Blueprint of a cloud data store inside for objects with state updated often (Azure and AWS)

This post will focus on how we shall design a cloud system inside Azure and AWS that needs to handle objects with the state changing very often.

Proposition

I want to have a system that can store objects in a storage with a flexible schema. A part of the objects are updated every day and queries are per object. Aggregation reports are done inside a data warehouse solution, not directly inside this storage.

Requirements

Let’s imagine a client that needs a cloud solution with the following requirements:

  • 500M objects stored
  • 1M new objects added every day
  • 10M objects state are changed every day
  • Update operation shall be under 0.3s
  • Query per objects shall be under 0.2s
  • 30M queries per day that check the object state
  • Dynamic schema of the objects
  • Except for object state, all other attributes are written one time (during insert operation)

Solution overview

We need a NoSQL solution to store the objects. Even so, the challenging part is to design a solution that enables us to do fast updates on the object state and keep the cost under control. By using a NoSQL solution the size of the storage is not a problem. Having 500M or 1000M objects is the same thing as long as we are doing the partitioning the right way from the beginning.

Because most of the updates and queries are on the state attribute of the object we can optimize the storage by adding an index on the state field if necessary.

Even if we have a NoSQL solution, having a high number of operations would create similar bottlenecks as for a relational database. Besides this, we need to take the cost into account and try to optimize the consumption as much as possible.

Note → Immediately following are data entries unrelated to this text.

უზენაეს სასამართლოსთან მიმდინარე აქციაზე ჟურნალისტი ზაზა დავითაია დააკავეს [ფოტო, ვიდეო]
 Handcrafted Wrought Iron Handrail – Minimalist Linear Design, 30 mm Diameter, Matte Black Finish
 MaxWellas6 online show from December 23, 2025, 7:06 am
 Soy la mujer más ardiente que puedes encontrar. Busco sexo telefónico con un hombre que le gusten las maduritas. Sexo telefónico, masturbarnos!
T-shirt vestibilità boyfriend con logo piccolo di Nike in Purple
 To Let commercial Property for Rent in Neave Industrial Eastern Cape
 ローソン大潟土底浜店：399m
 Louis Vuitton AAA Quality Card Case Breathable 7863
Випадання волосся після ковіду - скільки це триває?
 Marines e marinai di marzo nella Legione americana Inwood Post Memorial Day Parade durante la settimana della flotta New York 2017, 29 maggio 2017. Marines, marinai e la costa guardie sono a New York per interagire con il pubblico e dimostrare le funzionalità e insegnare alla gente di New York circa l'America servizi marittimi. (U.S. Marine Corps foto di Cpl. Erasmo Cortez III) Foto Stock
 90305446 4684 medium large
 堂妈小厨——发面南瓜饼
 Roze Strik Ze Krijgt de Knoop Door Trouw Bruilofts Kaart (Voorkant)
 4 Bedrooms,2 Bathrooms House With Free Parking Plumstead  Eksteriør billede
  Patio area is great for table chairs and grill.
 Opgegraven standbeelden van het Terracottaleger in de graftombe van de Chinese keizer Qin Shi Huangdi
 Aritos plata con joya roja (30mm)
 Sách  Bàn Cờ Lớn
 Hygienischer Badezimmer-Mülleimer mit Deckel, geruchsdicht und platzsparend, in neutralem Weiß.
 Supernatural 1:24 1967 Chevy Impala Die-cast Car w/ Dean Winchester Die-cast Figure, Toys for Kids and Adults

The proposed solution is a hybrid one that combines two different types of NoSQL solutions. Object attributes are stored inside a document DB storage except for the state attribute. The state attribute is stored inside key-value storage, that it is optimized for a high number of write and reads.

The latency may increase a little because if you need to load an object completely, you need to query two storages, but at the same time because of the key-value storage, you can retrieve easily the object state based on the object ID.

The cost of storing the data inside a key-value database with items that are very often updated is much lower in comparison with a document DB storage.

In the next part of the post will take a look on how the solution would look like inside AWS and Azure.

Azure Approach

The data layer would use two different types of storages from Azure Cosmos DB. The first type of storage is DocumentDB that would be used to store the objects information inside Azure Cosmos DB. All objects attributes are stored inside it except the object state attribute.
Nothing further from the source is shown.